Material to process START

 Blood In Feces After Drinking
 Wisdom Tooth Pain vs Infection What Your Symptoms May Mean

Material to process END
Material to process START

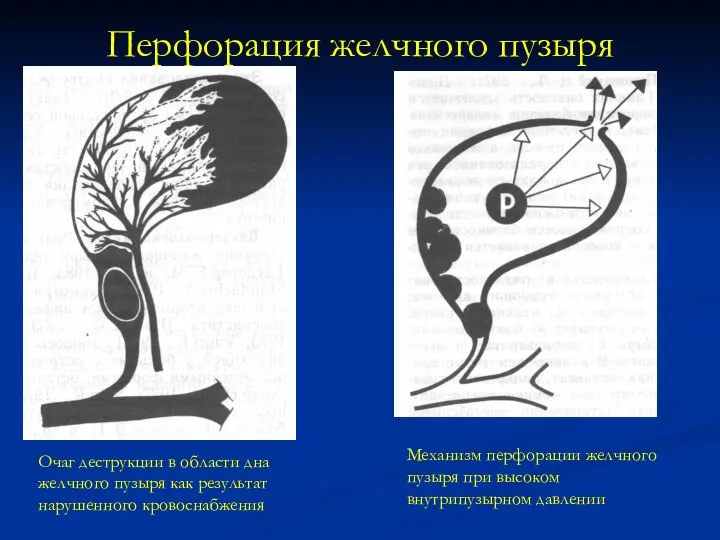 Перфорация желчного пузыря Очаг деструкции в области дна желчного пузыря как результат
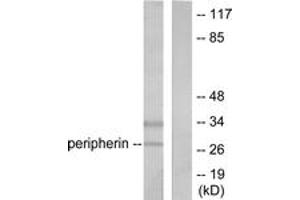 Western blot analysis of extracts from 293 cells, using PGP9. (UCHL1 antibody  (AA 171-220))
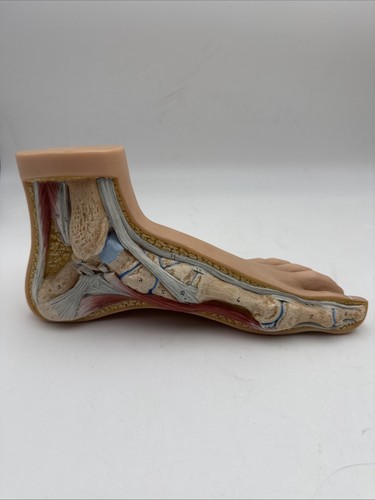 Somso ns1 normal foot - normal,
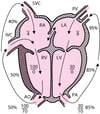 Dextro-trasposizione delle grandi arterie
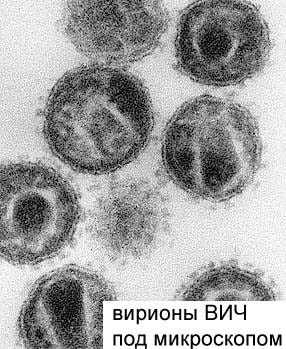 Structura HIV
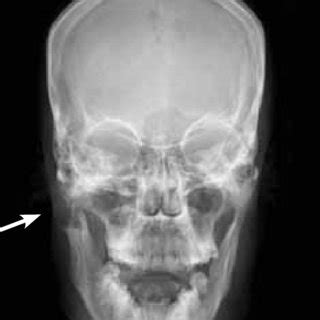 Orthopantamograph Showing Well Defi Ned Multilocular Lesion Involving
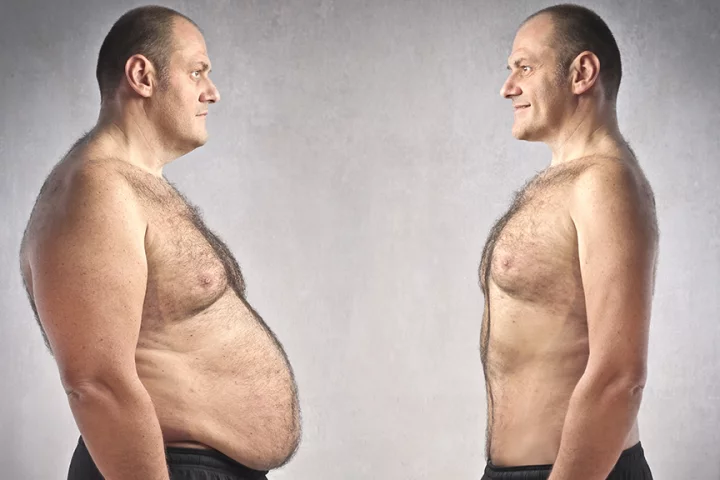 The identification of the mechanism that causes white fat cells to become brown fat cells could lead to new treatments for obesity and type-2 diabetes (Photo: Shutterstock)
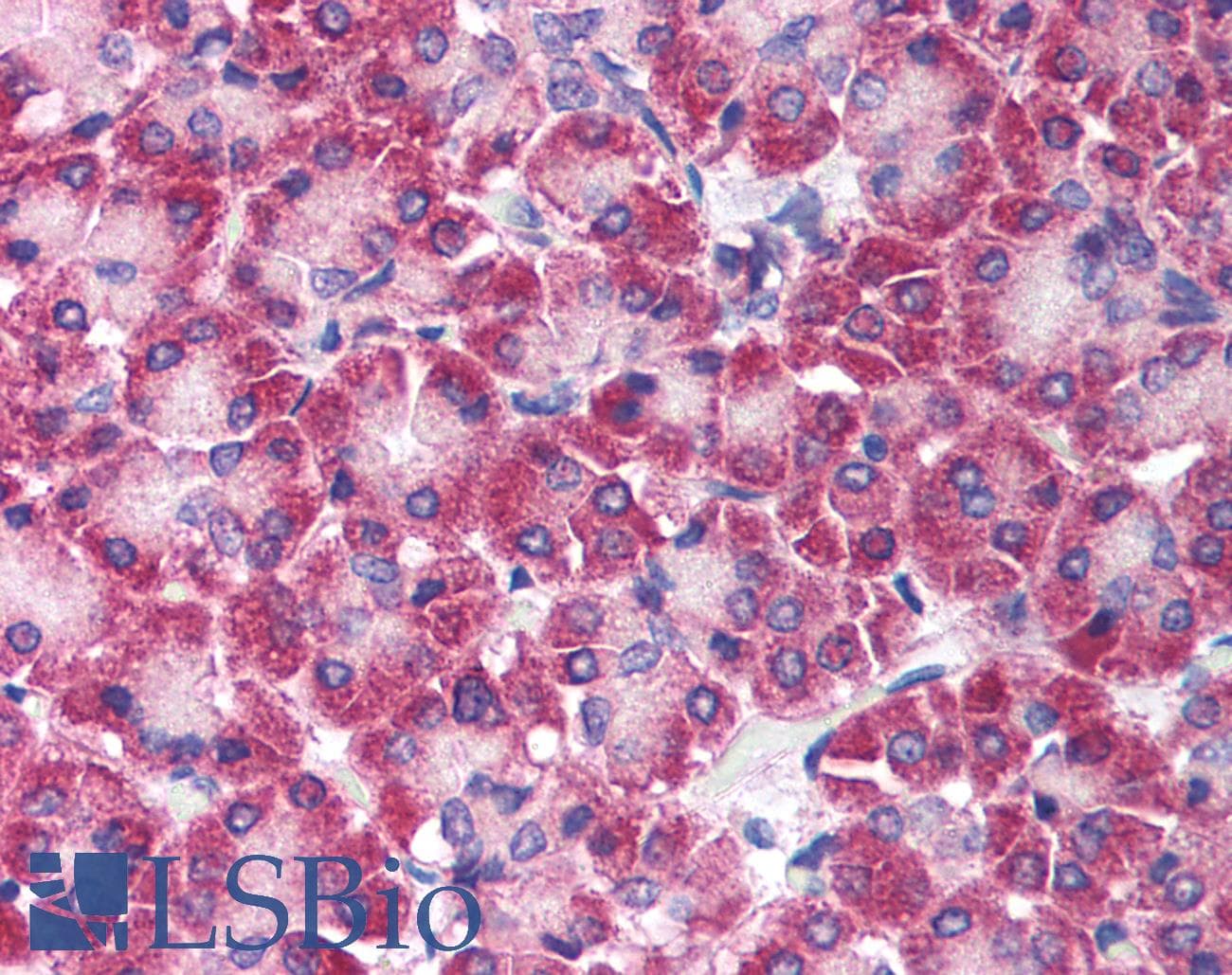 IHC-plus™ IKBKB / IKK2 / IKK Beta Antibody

Material to process END

Go back to the lines above and output, exactly as they stand, the ones from the line containing "Western blot analysis" to the line containing "The identification of". Leave all pictures behind.

 Western blot analysis of extracts from 293 cells, using PGP9. (UCHL1 antibody  (AA 171-220))
 Somso ns1 normal foot - normal,
 Dextro-trasposizione delle grandi arterie
 Structura HIV
 Orthopantamograph Showing Well Defi Ned Multilocular Lesion Involving
 The identification of the mechanism that causes white fat cells to become brown fat cells could lead to new treatments for obesity and type-2 diabetes (Photo: Shutterstock)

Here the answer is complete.